> _Entries supplied_:
==================================================
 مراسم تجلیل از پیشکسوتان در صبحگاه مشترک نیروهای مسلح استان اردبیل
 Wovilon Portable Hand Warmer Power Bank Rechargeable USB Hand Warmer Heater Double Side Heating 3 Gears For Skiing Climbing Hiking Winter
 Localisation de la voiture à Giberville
==================================================
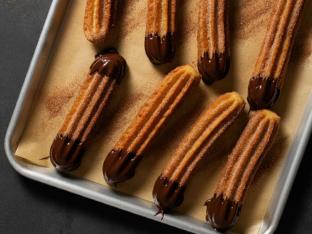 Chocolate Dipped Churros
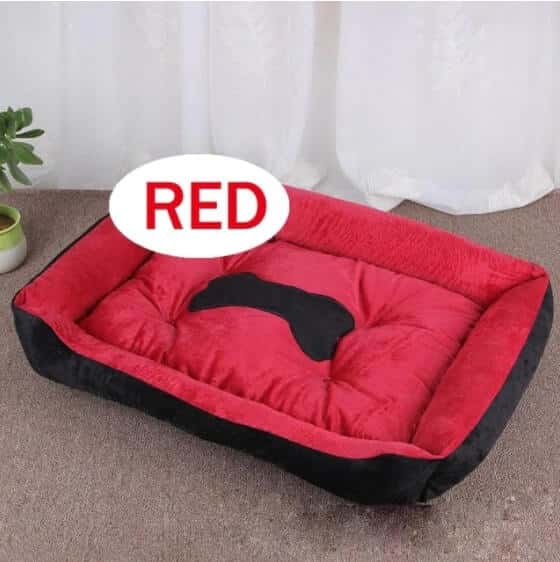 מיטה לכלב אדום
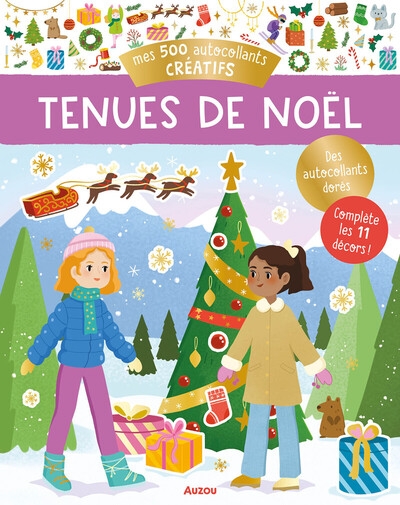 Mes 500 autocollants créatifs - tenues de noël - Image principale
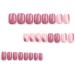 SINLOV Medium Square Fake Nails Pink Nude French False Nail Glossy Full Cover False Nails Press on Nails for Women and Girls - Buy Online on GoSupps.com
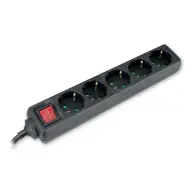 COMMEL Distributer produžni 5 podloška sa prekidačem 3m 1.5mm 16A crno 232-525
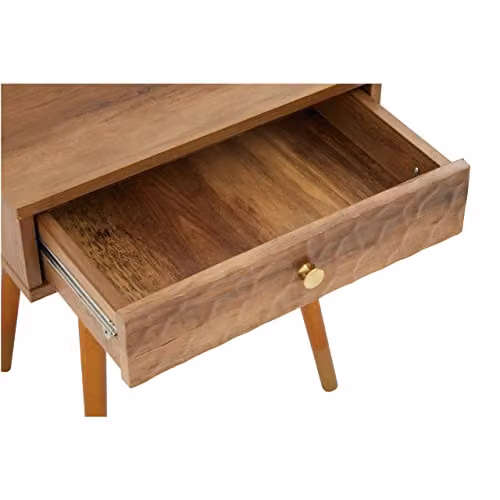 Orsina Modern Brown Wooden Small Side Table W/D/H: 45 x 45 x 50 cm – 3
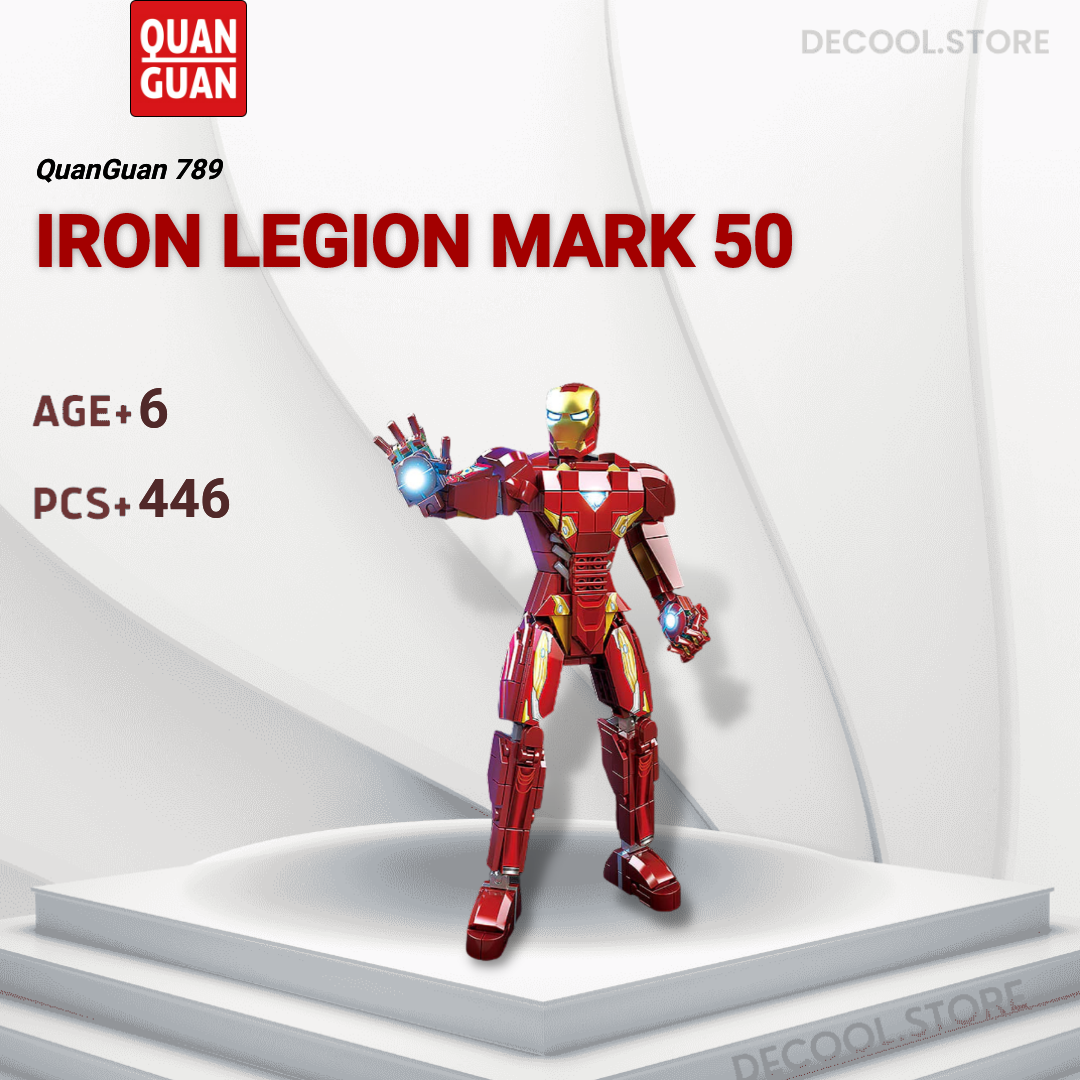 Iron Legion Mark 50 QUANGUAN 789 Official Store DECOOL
==================================================
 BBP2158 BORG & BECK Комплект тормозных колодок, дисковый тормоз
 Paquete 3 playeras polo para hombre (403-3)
==================================================
> _Brief_:
In the listing above, find the line containing "COMMEL Distributer produžni" and the line containing "Iron Legion Mark", then output those two lines and everything between them exactly as written, without the images.

> _Solution for this task_:
 COMMEL Distributer produžni 5 podloška sa prekidačem 3m 1.5mm 16A crno 232-525
 Orsina Modern Brown Wooden Small Side Table W/D/H: 45 x 45 x 50 cm – 3
 Iron Legion Mark 50 QUANGUAN 789 Official Store DECOOL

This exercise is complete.